In the early 1980s, Vienna’s airport was one small terminal, like a village train station, something for the few people who bothered to venture in or out. You could check in, get a coffee, and go through passport control in a matter of minutes, and you got to your gate while the coffee was still hot because your gate was just the other side of the room. Planes took off and landed on one runway. The entire happenings at the airport, inside and out, could be monitored from the one lobby-sized space. Because, aside from music prodigies and spies, no one went to Vienna.
This is, of course, before the Asian economic boom that sent the Japanese and their Nikons into the non-Nippon world with a touristic gusto that is still hard to beat. And Americans, if they were going to journey all the way to Europe, they were heading for the big cities, cities with international oomph, or, at the very least, cities that offered a kick of cannabis with coffee. Very few headed to Vienna, which stood like a remote, lonely outpost teetering on the edge of East and West, where no one except university students spoke English and people walked around like they were still a bit stunned at having lost the monarchy, even though that had happened all the way back in the nightmare days of a closing WWI, 62 years before. The Vienna airport reflected what Austria, in the 20th century, had become: a quaint little place with great coffee, but, on the whole, internationally overlooked.
Not anymore. Land in Vienna today, and it’s clear it’s a destination city, with a terminal that looks like an 80s vision of tomorrowland: glossy blacks, creamy whites, and lots of neon lighting. I was so impressed with the bathrooms alone, I started taking pictures of the line of stalls until I realized I looked like Crazy Lady with my suitcases and airplane hair, trying to get shots of the ladies’ loo.

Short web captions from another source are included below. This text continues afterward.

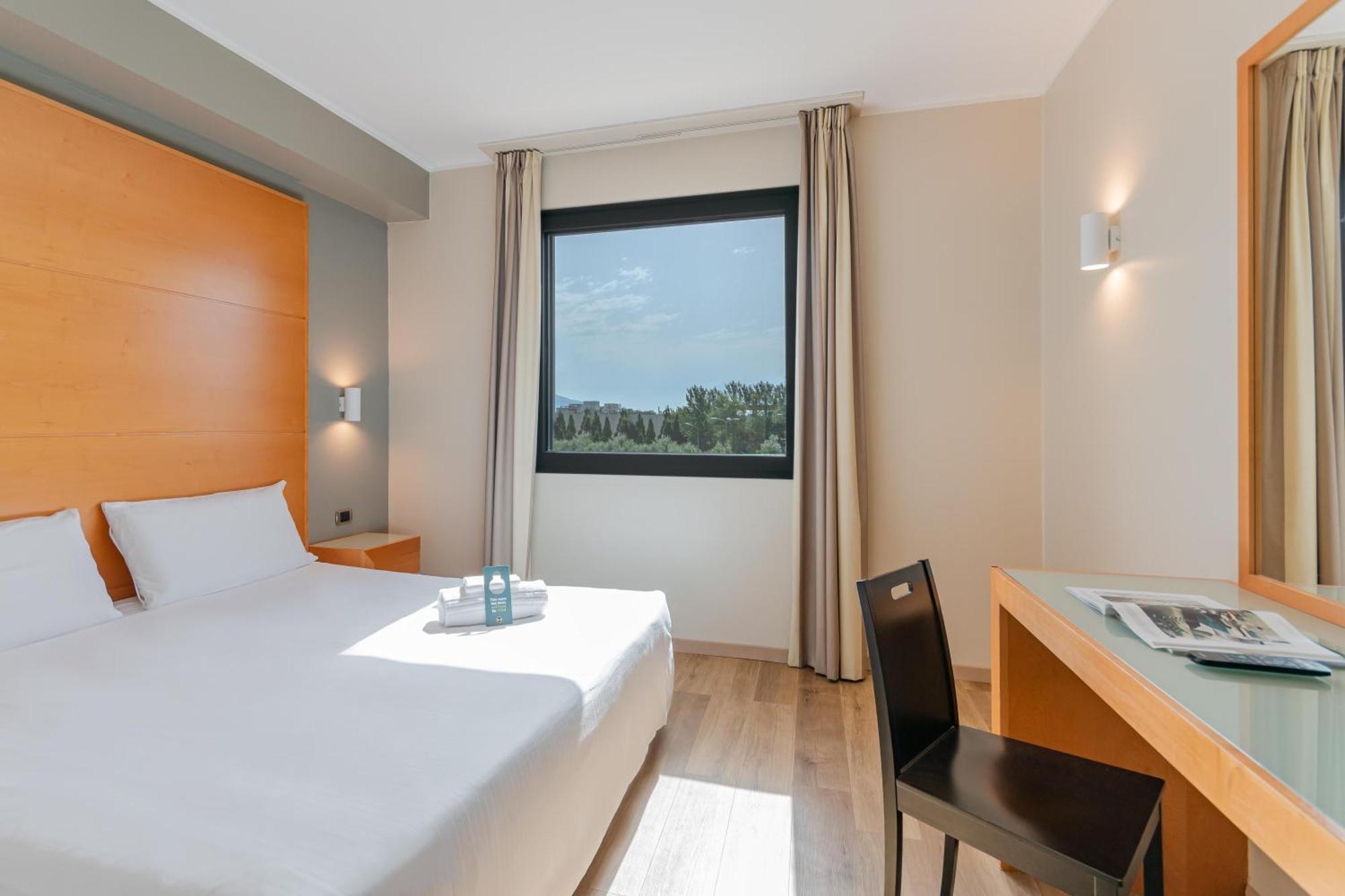 B&B Hotel Pisa Airport Bagian luar foto
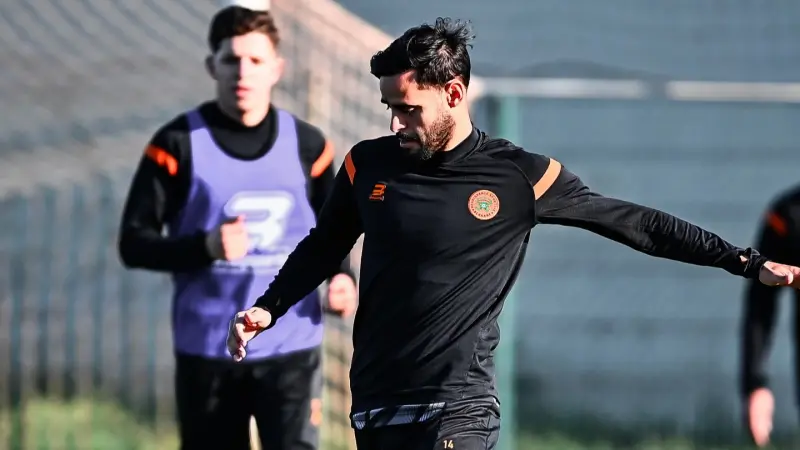 القنوات الناقلة لمباراة نهضة بركان ضد الدفاع الحسني الجديدي اليوم في الدوري المغربي مع الموعد والتشكيلة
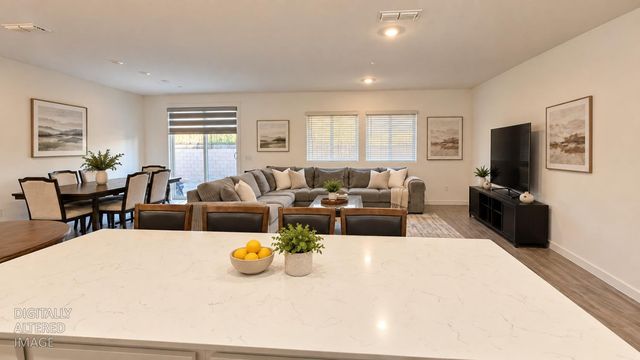 12704 Patagonian Way, Rancho Cordova, CA 95742
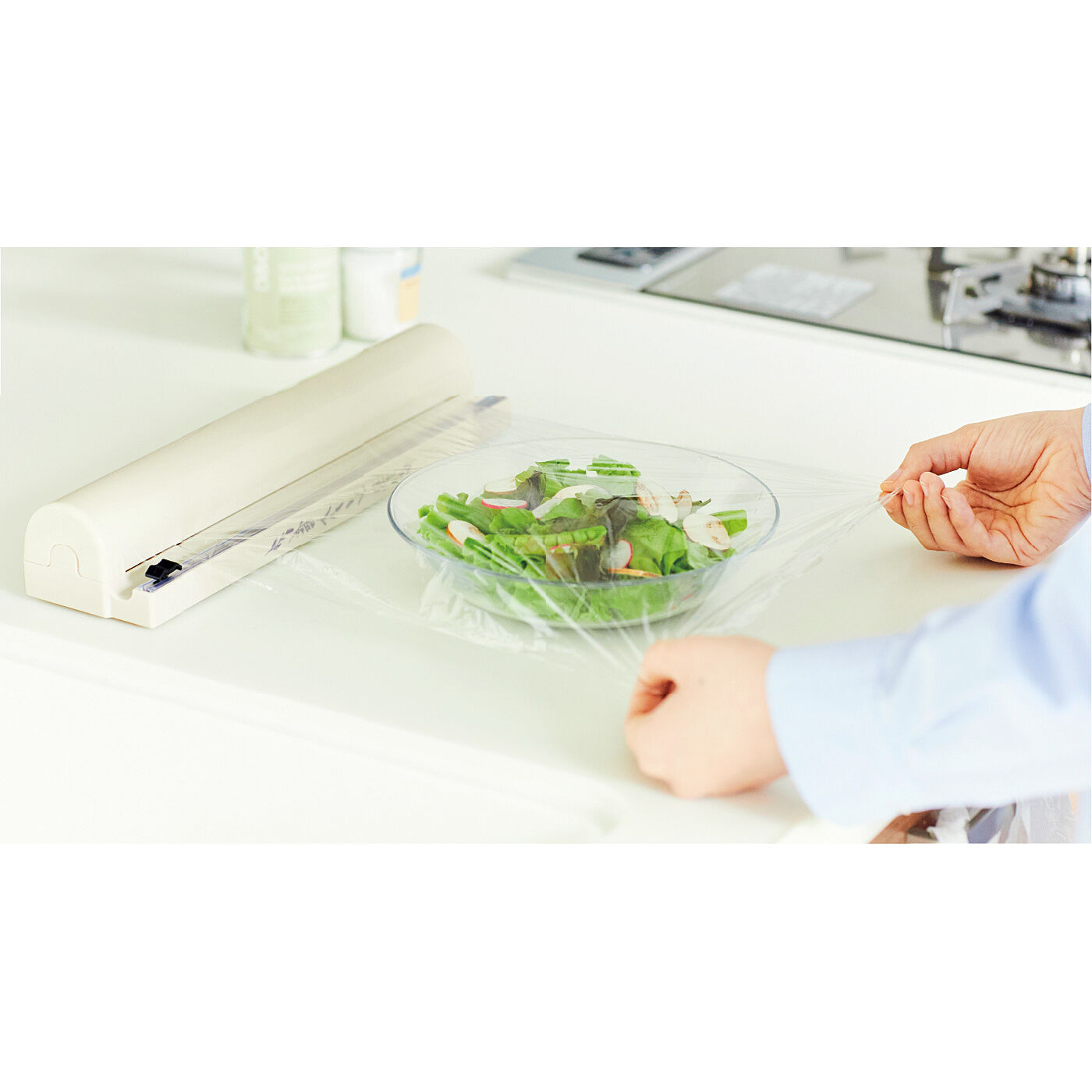 フェリシモの雑貨 Kraso|エスキューブキッチンズ　スライドするだけできれいに切れる　ラップカッター|1．ラップを引き出してお皿の上にかけます。
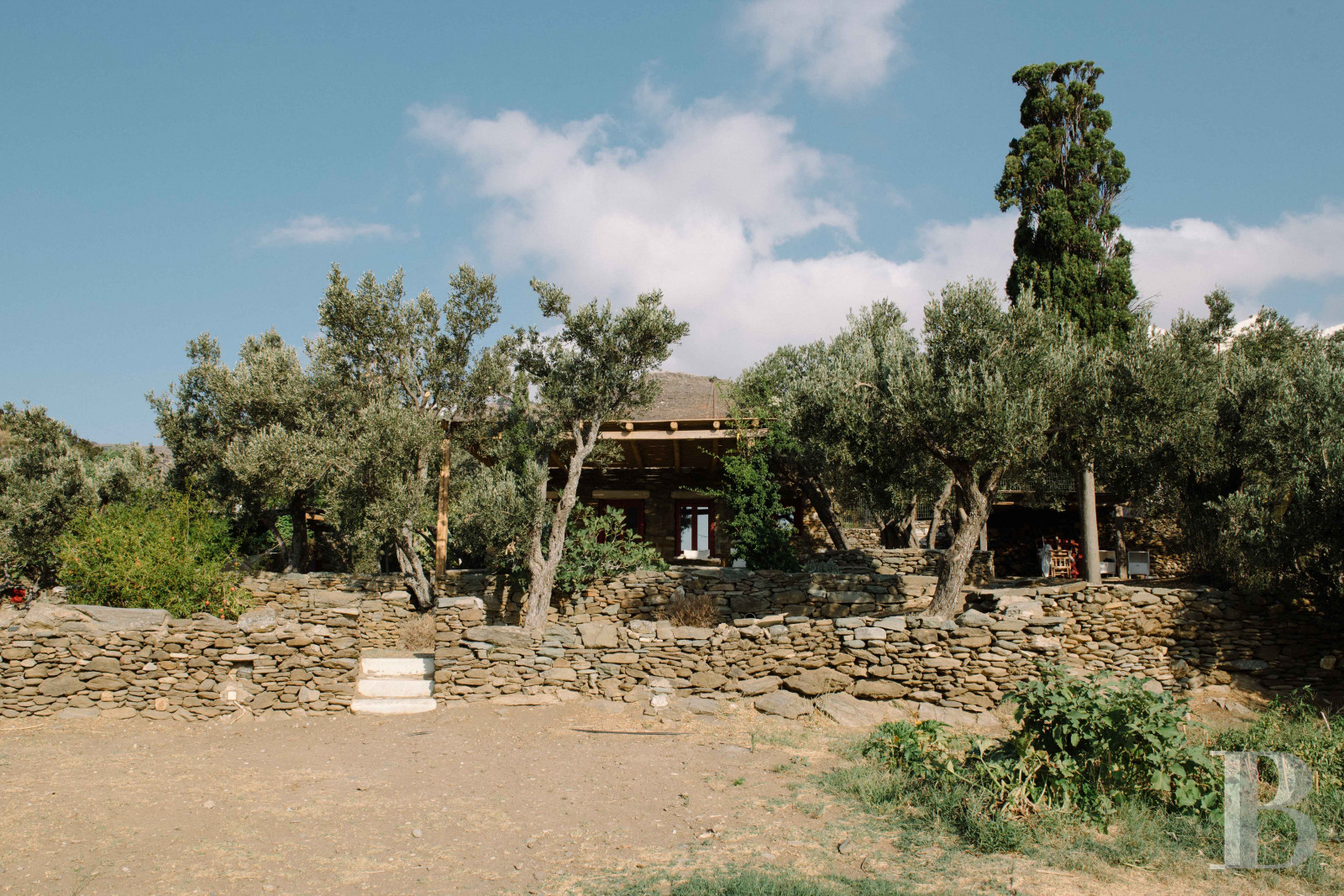 Three former sheepfolds united by a beautiful spirit by the sea in Tinos, the Cyclades - photo  n°4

The Vienna airport, with its aesthetic cool and international hum, is impressive. But, like anything that grows up and you don’t recognize at first, you’re dazzled by the gloss and polish of the metamorphosis, but you also can’t help that twinge of nostalgia for a simpler, less consciously hip time.


Interesting…alas, a bit sad too.
Xxxxxo
First place my family landed after escaping the Soviet Union was Wien Flughafen..the toilettes were so clean you drink out of them..:/ My first impression of the free world!
now that’s a story i would want to read. with pictures.
So well written. Makes me long for the old airport there even more.